Kenny MacIver — August 2020

Decision-makers everywhere want to accelerate the transformation of their organizations, whether to deliver compelling new value to stakeholders, disrupt markets or reinforce resilience. We look at a unique approach with its origins in Japan — FUJITSU Human Centric Experience Design — which combines co-creation with design expertise to help executives turn their digitally inspired strategic aims into reality.

Climate change, the rise of AI, diversity and inclusion challenges, the coronavirus crisis — executives across all industries are looking intensely at how to ensure their organizations thrive in societies experiencing waves of profound change and unexpected disruptive events.

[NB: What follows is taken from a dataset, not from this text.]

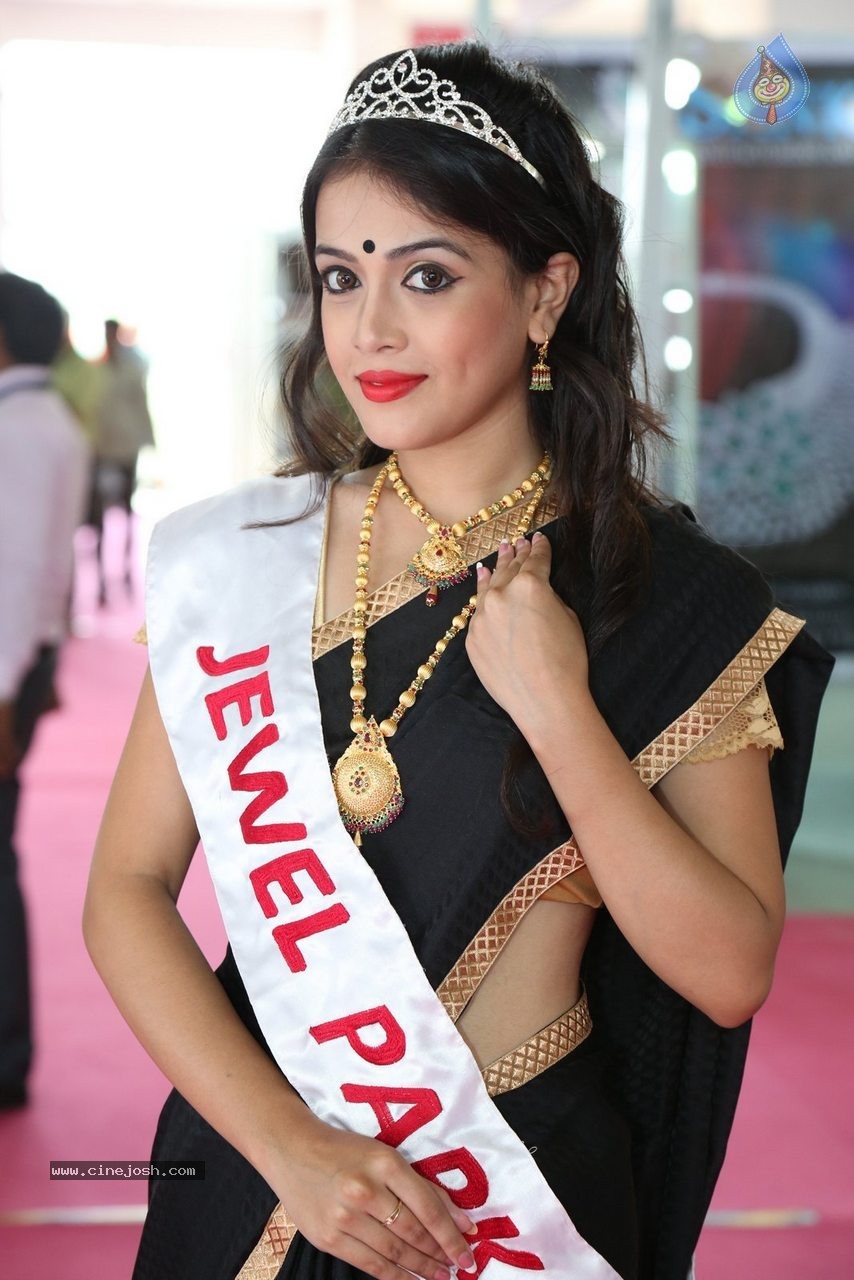 8th Hyderabad Jewellery n Gem Fair - 71 / 109 photos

In many cases, the opportunities to drive success presented by fast-maturing transformative technologies such as AI, big data, IoT and blockchain are overwhelming when not connected to a clear purpose. They may fuel streams of bright ideas from across the organization but often with no structured way — or creative thinking space — to turn those into reality. Indeed, according to consultancy McKinsey, 70% of all digital transformation initiatives either stall or fail to reach their goals.

What’s clear is that some approaches to delivering digital transformation are more effective than others. One that is producing standout results — and is much lauded by participants — has been pioneered by global tech company Fujitsu.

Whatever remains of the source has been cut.